Hans-Heinrich Dieter

Merkels klare Worte   (18.11.2014)

 

Bundeskanzlerin Merkel hat im Zusammenhang mit dem G20-Gipfel in Brisbane beim Lowy-Institut für internationale Politik eine außenpolitische Rede in klaren Worten gehalten. Sie sagte unter anderem: "Die Ukraine-Krise ist wahrlich keineswegs allein eine regionale Angelegenheit. Nein, an diesem Beispiel sehen wir: sie betrifft uns alle." und "Es geht ja nicht nur um die Ukraine. Es geht um Moldawien, es geht um Georgien, wenn es so weiter geht ..., muss man bei Serbien fragen, muss man bei den Westbalkanstaaten fragen." Sie brachte außerdem ihre Auffassung zum Ausdruck, dass Russland im alten Denken verharre, wenn es die Ukraine unter Zwang in seiner Einflusssphäre halten wolle und so internationales Recht mit Füßen trete. "Das stellt nach den Schrecken zweier Weltkriege und dem Ende des Kalten Krieges die europäische Friedensordnung insgesamt infrage. Und es findet seine Fortsetzung in der russischen Einflussnahme zur Destabilisierung der Ostukraine." Und als Zeitzeugin fügt sie an, dass sie keine Wiederbelebung der DDR-Zeiten wolle, als ohne Moskaus Zustimmung keinerlei Bewegung möglich gewesen sei, denn das sei mit den westlichen Werten nicht vereinbar. Sie spricht aber auch den Aggressor Putin selbst an. Der verweigere eine Konfliktlösung im gegenseitigen Respekt und mit demokratischen und rechtsstaatlichen Mitteln. Er setze auf das angebliche Recht des Stärkeren und missachte die Stärke des Rechts. Die klaren Worte und unmissverständlichen Beurteilungen der russischen Politik sollen aber nicht als das Ende des politischen Dialogs verstanden werden, denn Merkel betont, dass die Europäische Union gemeinsam mit den Vereinigten Staaten nichts unversucht lassen werde, mit Russland zu einer diplomatischen Lösung zu kommen.
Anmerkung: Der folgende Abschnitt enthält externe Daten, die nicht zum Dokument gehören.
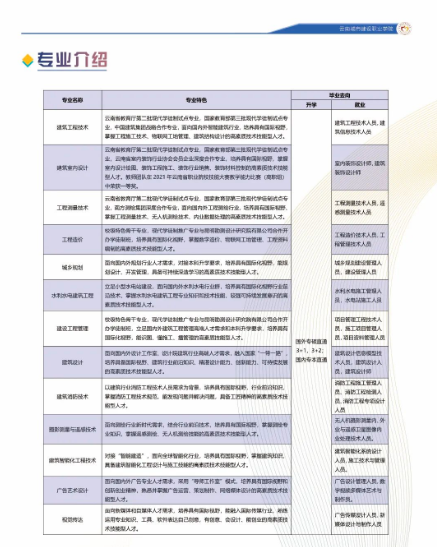 云南城市建设职业学院2022年单招招生简章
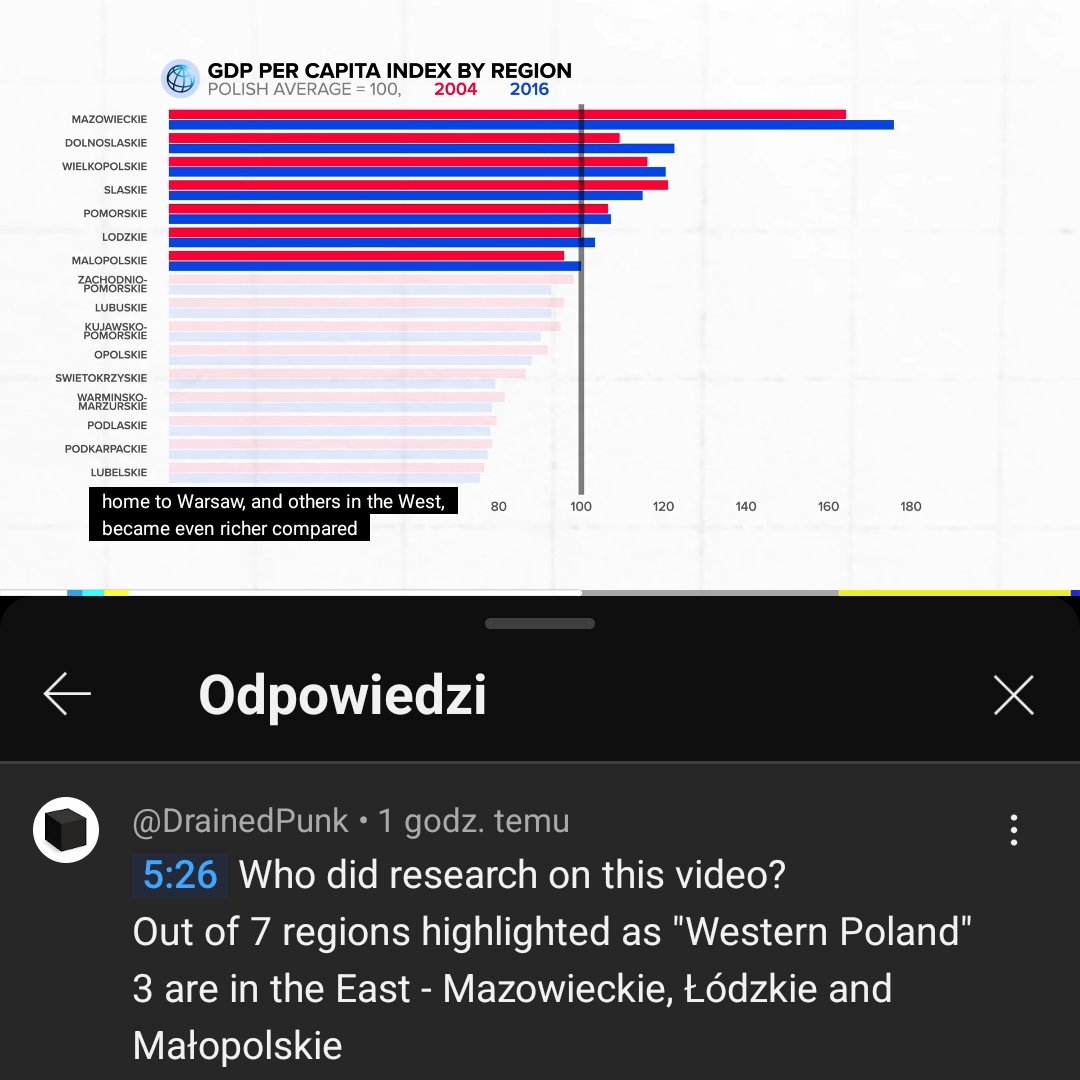 ci też dobrzy XD

odkrywają podział wyborczy i ekonomiczny na Polskę A i B w momencie, gdy nawet u nas zaczęto go kontestować - a w połowie filmu wstawili tabelkę, która tej mapie zaprzecza

śmiem twierdzić, że północny zachód oraz Warmia&amp;Mazury są w gorszym stanie niż Małopolska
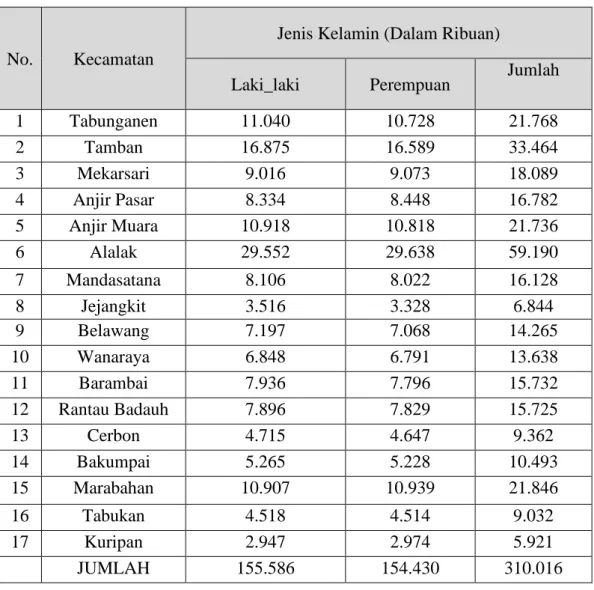 Tabel 4.3. Jumlah Penduduk Barito Kuala Berdasarkan Agama 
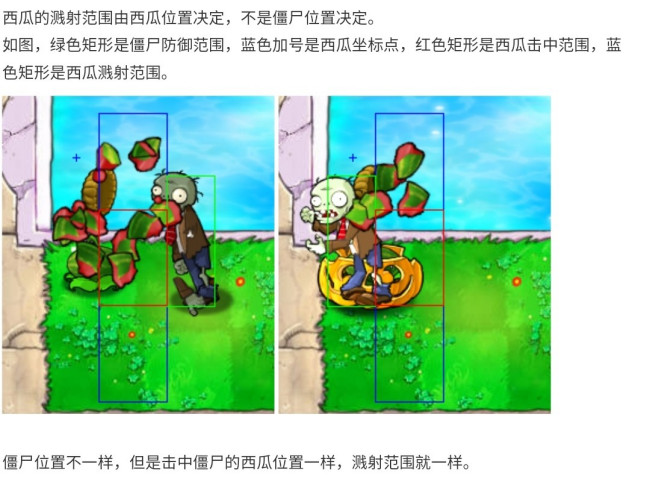 植物大战僵尸中,西瓜和冰瓜的威力一样吗?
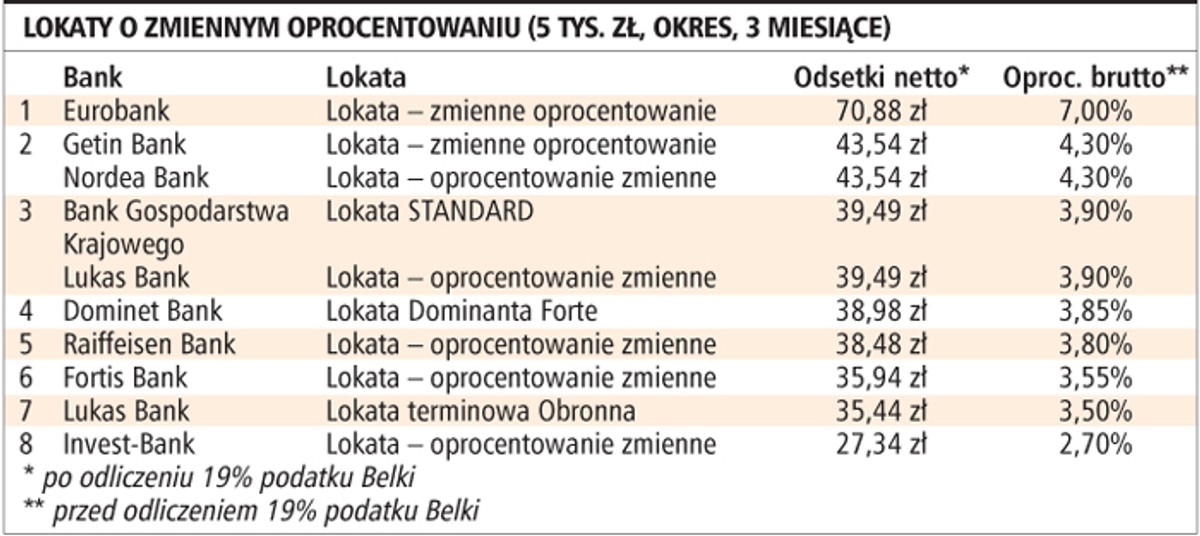 Lokaty o zmiennym oprocentowaniu (5 tys. zł, 3 miesiące)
Viele Medien sind aufgeschreckt und halten Merkels Rede für eine Frustreaktion, für eine Folge von Verärgerung einer desillusionierten Politikerin, die mit ihrem Latein am Ende sei. Frust und Verärgerung sind keine vernünftigen Kategorien in der internationalen Politik. Richtig und wichtig ist aber sicherlich, dass Kanzlerin Merkel ihre Illusionen verloren hat. Wer sich in etwa 40 Telefongesprächen ohne Erfolg um friedliche ausgleichende Lösungen bemüht, beweist einen langen Atem und ausgeprägte Toleranz. Merkel musste aber immer wieder zur Kenntnis nehmen, dass Putin dreist lügt, sich an Vereinbarungen nicht hält und Europa und die NATO - trotz jahrzehntelanger Entspannungs- und Kooperationspolitik, trotz Grundakte und NATO-Russland-Rat - nicht als Partner sondern als Gegner begreift, die seine neoimperialistische Neu-Russland-Politik behindern. Illusionen sind in der Politik gefährlich, gut dass Kanzlerin Merkel sie überwunden hat. Jetzt ist dann allerdings der Zeitpunkt gekommen, wo sie von ihrer Richtlinienkompetenz Gebrauch machen und dem immer noch illusionsgeleiteten deutschen Außenminister Vorgaben für seine hektischen diplomatischen Bemühungen machen muss.

Beim gestrigen Außenministertreffen wurden weitere Sanktionen gegenüber Russland zunächst ausgeschlossen, es kommt allerdings auch nicht zu Lockerungen bisheriger Sanktionen. Heute reist Steinmeier nach Kiew und Moskau, um erneut zu vermitteln. In Moskau trifft der deutsche Außenminister auf Putins Wadenbeißer Lawrow, deswegen hat er schon vor zu hohen Erwartungen gewarnt. Man muss hoffen, dass er sich nicht - unter der Hand - für die klaren Worte, die eindeutigen Botschaften und die richtige Analyse der Kanzlerin entschuldigen will, um seine "Gesprächskanäle" geschmeidiger offen halten zu können.